The evaluation of any FFT algorithm starts with a count of the real (or floating point) arithmetic. The Table 8.5.1 below gives the number of real multiplications and additions required to calculate a length-N FFT of complex data. Results of programs with one, two, three and five butterflies are given to show the improvement that can be expected from removing unnecessary multiplications and additions. Results of radices two, four, eight and sixteen for the Cooley-Tukey FFT as well as of the split-radix FFT are given to show the relative merits of the various structures. Comparisons of these data should be made with the table of counts for the PFA and WFTA programs in The Prime Factor and Winograd Fourier Transform Algorithms . All programs use the four-multiply-two-add complex multiply algorithm. A similar table can be developed for the three-multiply-three-add algorithm, but the relative results are the same.
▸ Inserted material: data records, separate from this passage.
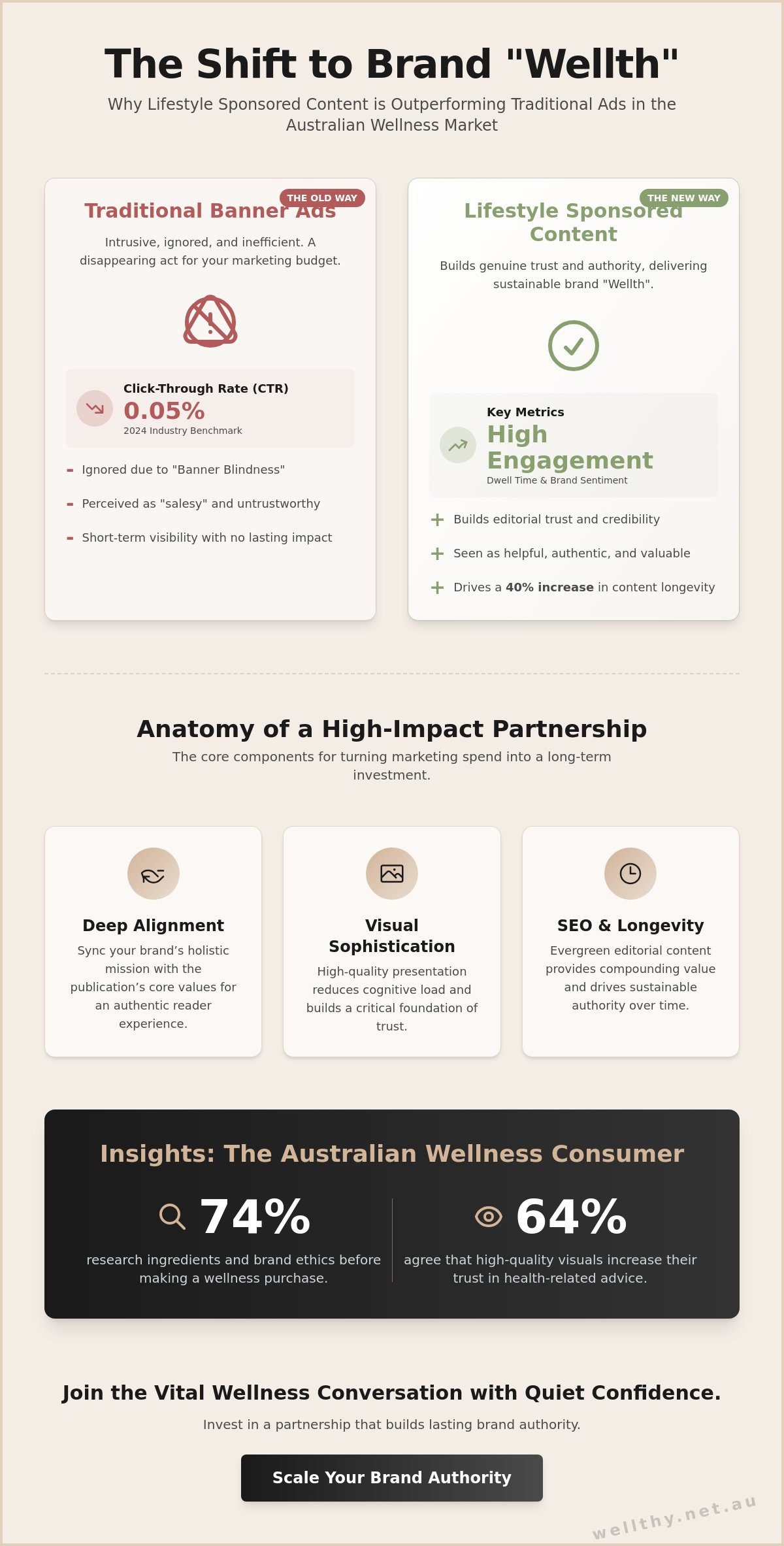 Lifestyle Publication Sponsored Content: The 2026 Brand Partnership Buying Guide
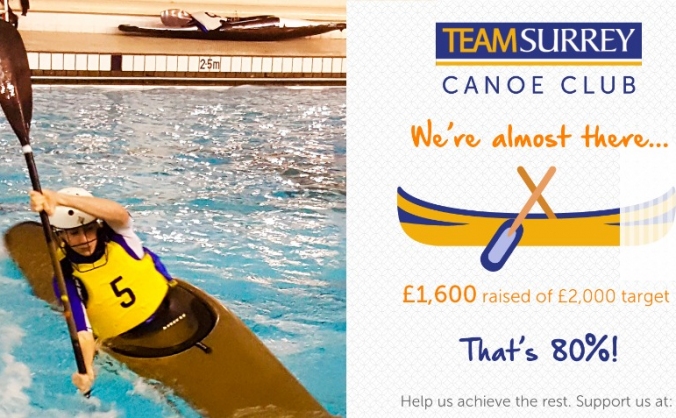 Canoe polo - essential kit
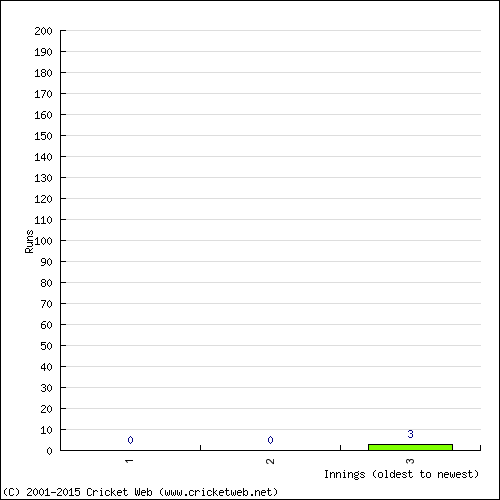 Batting Recent Scores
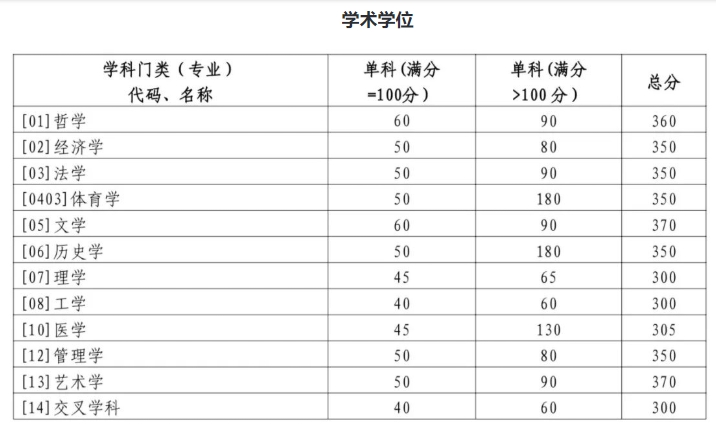 山东大学2024年硕士研究生招生考试考生进入复试的初试成绩基本要求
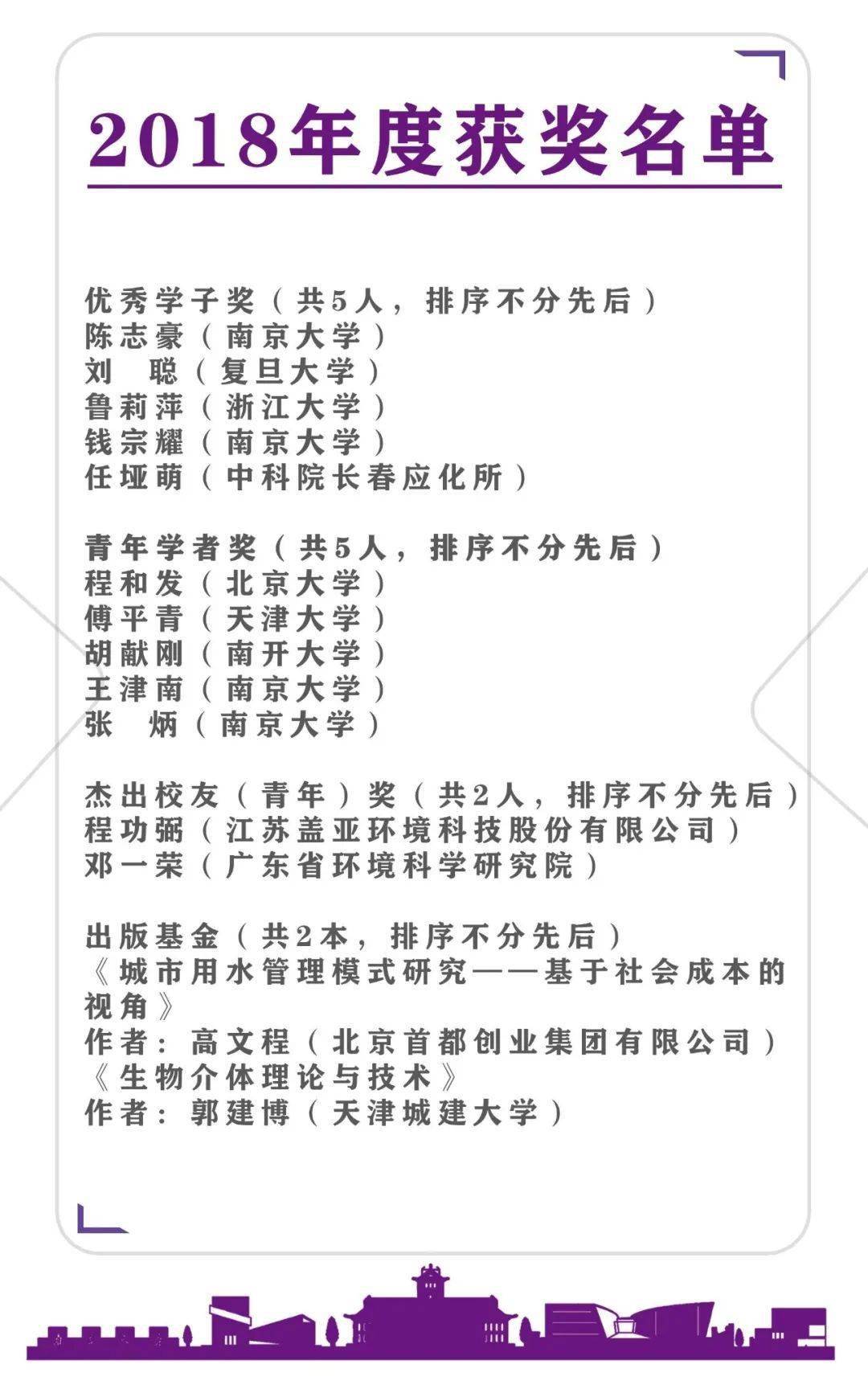 白小姐三期必开一肖,确保成语解释落实的问题_Android256.183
From the table it is seen that a greater improvement is obtained going from radix-2 to 4 than from 4 to 8 or 16. This is partly because length 2 and 4 butterflies have no multiplications while length 8, 16 and higher do. It is also seen that going from one to two butterflies gives more improvement than going from two to higher values. From an operation count point of view and from practical experience, a three butterfly radix-4 or a two butterfly radix-8 FFT is a good compromise. The radix-8 and 16 programs become long, especially with multiple butterflies, and they give a limited choice of transform length unless combined with some length 2 and 4 butterflies.
Table 8.5.1: Number of Real Multiplications and Additions for Complex Single Radix FFTs
In Table 8.2.1 Mi and Ai refer to the number of real multiplications and real additions used by an FFT with i separately written butterflies. The first block has the counts for Radix-2, the second for Radix-4, the third for Radix-8, the fourth for Radix-16, and the last for the Split-Radix FFT. For the split-radix FFT, M3 and A3 refer to the two- butterfly-plus program and M5 and A5 refer to the three-butterfly program.
The first evaluations of FFT algorithms were in terms of the number of real multiplications required as that was the slowest operation on the computer and, therefore, controlled the execution speed. Later with hardware arithmetic both the number of multiplications and additions became important. Modern systems have arithmetic speeds such that indexing and data transfer times become important factors. Morris has looked at some of these problems and has developed a procedure called autogen to write partially straight-line program code to significantly reduce overhead and speed up FFT run times. Some hardware, such as the TMS320 signal processing chip, has the multiply and add operations combined. Some machines have vector instructions or have parallel processors. Because the execution speed of an FFT depends not only on the algorithm, but also on the hardware architecture and compiler, experiments must be run on the system to be used.
In many cases the unscrambler or bit-reverse-counter requires 10% of the execution time, therefore, if possible, it should be eliminated. In high-speed convolution where the convolution is done by multiplication of DFT's, a decimation-in-frequency FFT can be combined with a decimation-in-time inverse FFT to require no unscrambler. It is also possible for a radix-2 FFT to do the unscrambling inside the FFT but the structure is not very regular.
Although there can be significant differences in the efficiencies of the various Cooley-Tukey and Split-Radix FFTs, the number of multiplications and additions for all of them is on the order of \(N\log N\). That is fundamental to the class of algorithms.